January 29, 2010 by · 20 Comments
Filed under: Politics 

Some RSA Fellows think I take on every opportunity I can to pursue media appearances, regardless of whether they are good for the Society. So I am keen to report that I have turned down at least half a dozen invitations to comment on my former Boss’ appearance at the Iraq Inquiry.

I will stay off the airways. But, for what it’s worth, here are my very brief reflections on what – between meetings – I have managed to watch today. Some people may think it is inappropriate for me to comment at all, but it is the issue of the day and relevant to many of the debates about democracy and policy which we regularly host here at the RSA.

TB was highly unlikely to say anything new. He made his case as well as could be expected and he spoke with clarity and conviction. What he said was important not just for the historical record but in relation to current foreign policy and security challenges.

Overall, the picture painted by TB tallies with that of other witnesses, including those who are less inclined to take responsibility for the war. There is little evidence of a conspiracy or a cover up. On the strategy, legality, planning, the different views are there for people to see and to judge for themselves. Indeed not a great deal has changed since 2005 when Iraq hurt TB’s standing but not so much that he failed to win the general election..    

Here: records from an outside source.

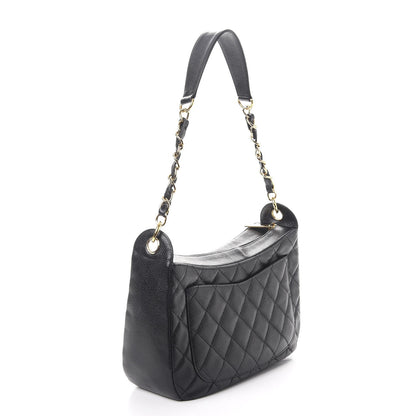 Chanel Caviar Quilted Hobo Black 3 of 7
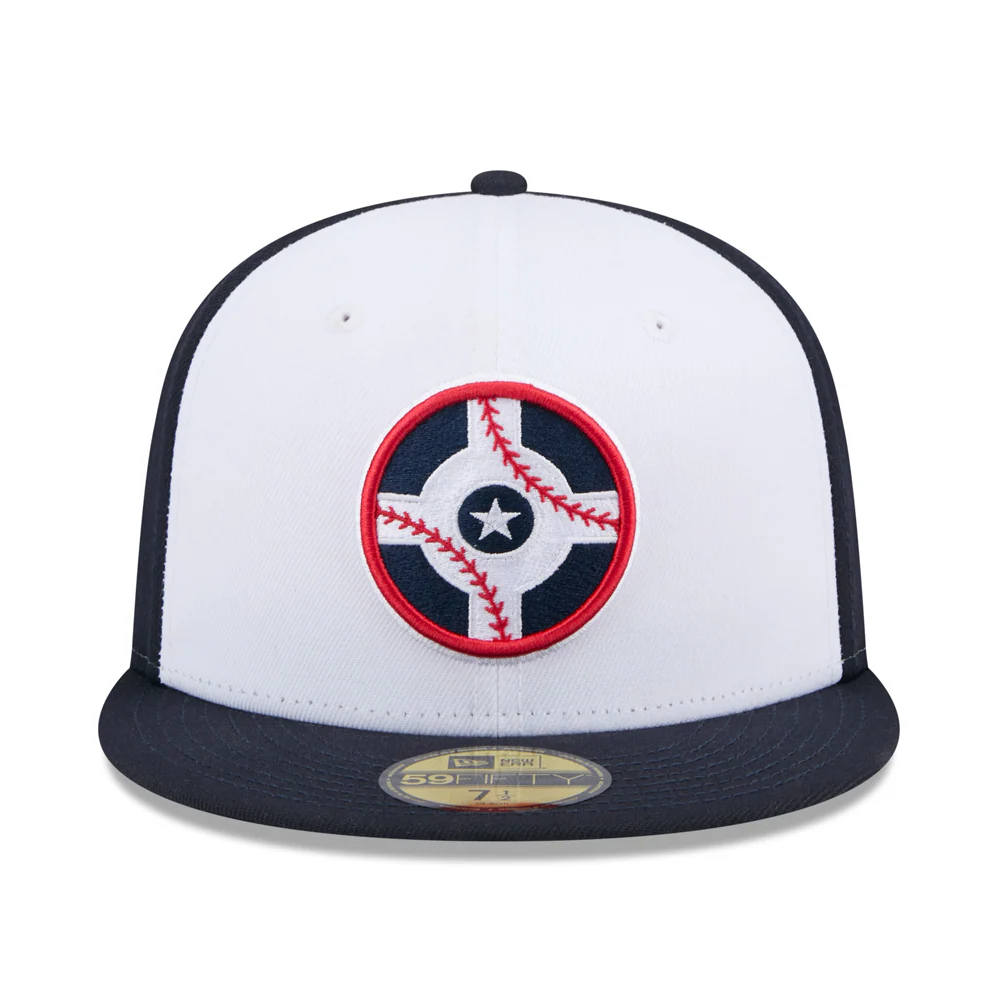 Indianapolis Indians Circle City New Era White/Navy Authentic On-Field 59FIFTY Cap - Image 2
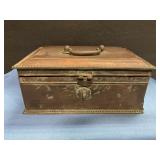 Vintage Brass Betel Nut Box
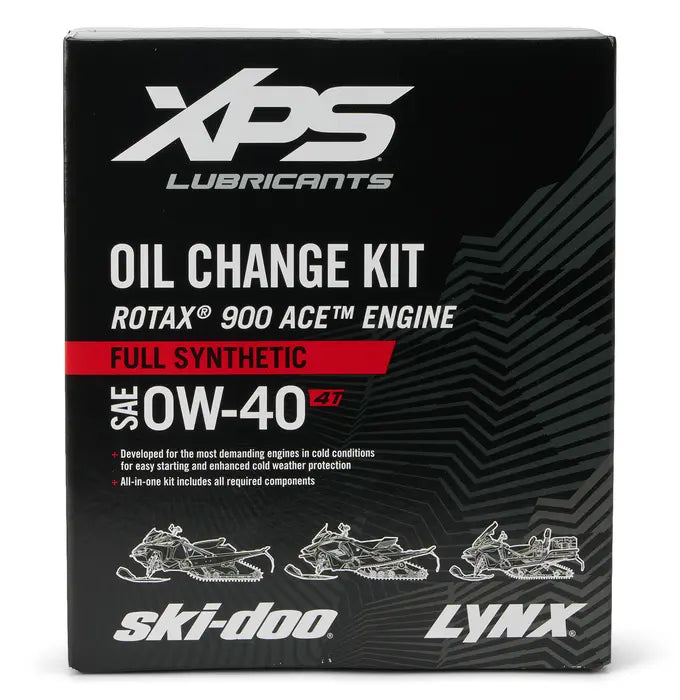 XPS 4T 0W-40 SYNTHETIC OIL CHANGE KIT FOR ROTAX 900 ACE ENGINE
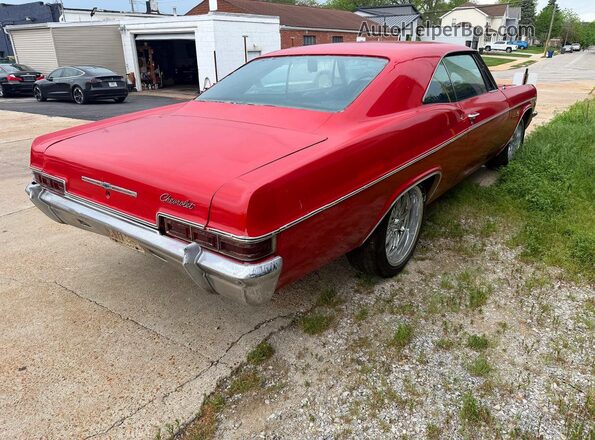 164376A136670 1966 CHEVROLET IMPALA Red Widok z przodu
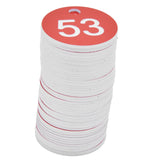 50PCS/Bag Beehive Label Beekeeping Box Numbered Tag with Hole Classification Sign for Beekeeping Red51‑100 Number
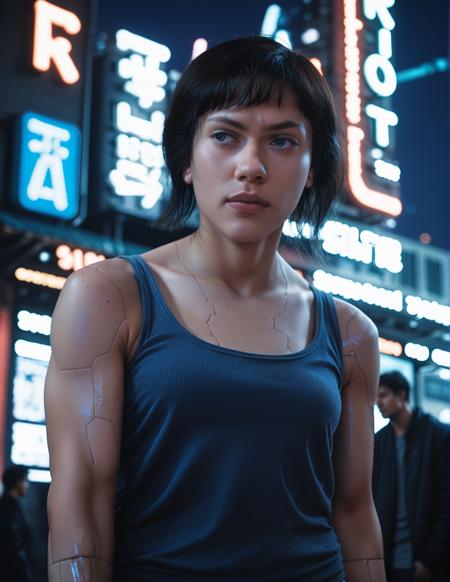 Major Motoko (Ghost in the shell 2017) - PonyXL v2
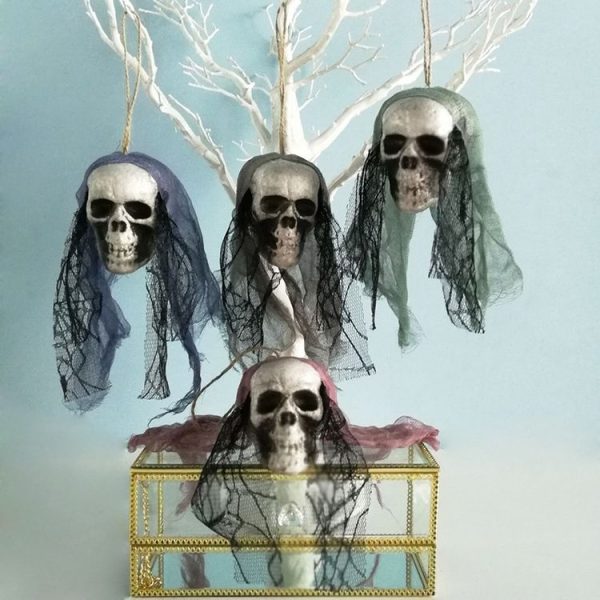 Halloween Decorations Bar KTV Scene Layout Props Bubble Skull Hanging Ornaments, Random Style Delivery - Image 5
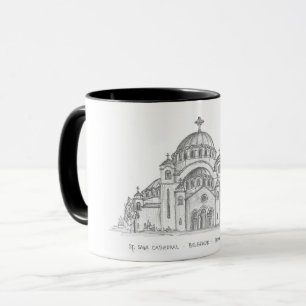 Saint Savas kyrka, Belgrad, Serbien Mugg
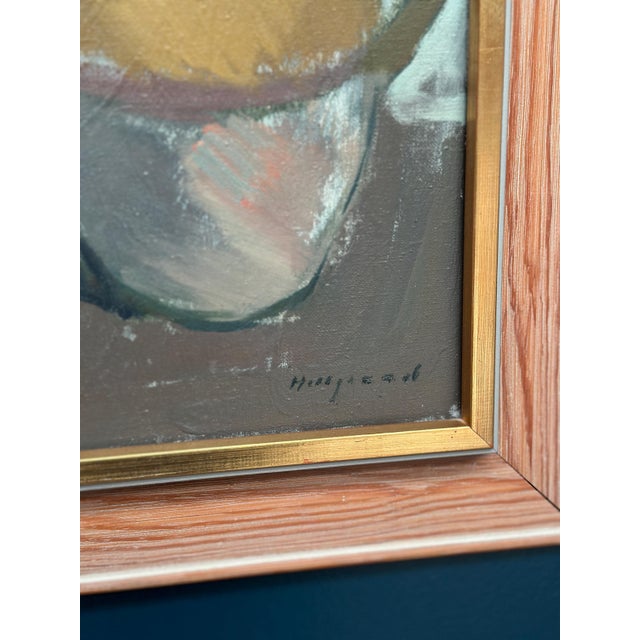 Bengt Hillgrund, Jug and Fruit, Oil on Canvas, Framed For Sale - Image 10 of 18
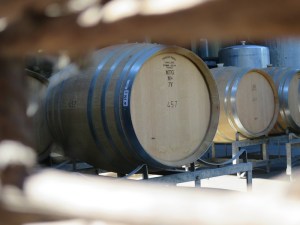 Barrels of wine at Hunter's Valley winery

TB was visibly tense at the beginning of the hearing and very focussed throughout. This was for real. I couldn’t help wondering how many other countries would have put a former leader through such a public interrogation (and how many former Prime Minister’s of the UK would have been willing to be questioned in this way)

The outcome, I suspect, will be that those who hate TB will continue to hate him, or maybe even hate him more because they will feel he has ‘got away with it’ again. In contrast, those who used to like TB may be reminded of why they did and what they miss about him as a leader.

On the lead up to the war itself my view (and, as I was not in Downing Street I have no greater claim to insight than any other observer) is that I trust TB’s motives. But I also think there were failures of governance. Methods of communication, persuasion and decision making acceptable for major domestic policy decisions were on occasions applied to the very different matter of a highly contentious and risky military conflict.

I’m not sure whether if things had been done differently the decisions or outcomes would have changed. What might have done is the level of suspicion and hostility that TB faces not just now, but quite possibly for the rest of his public life.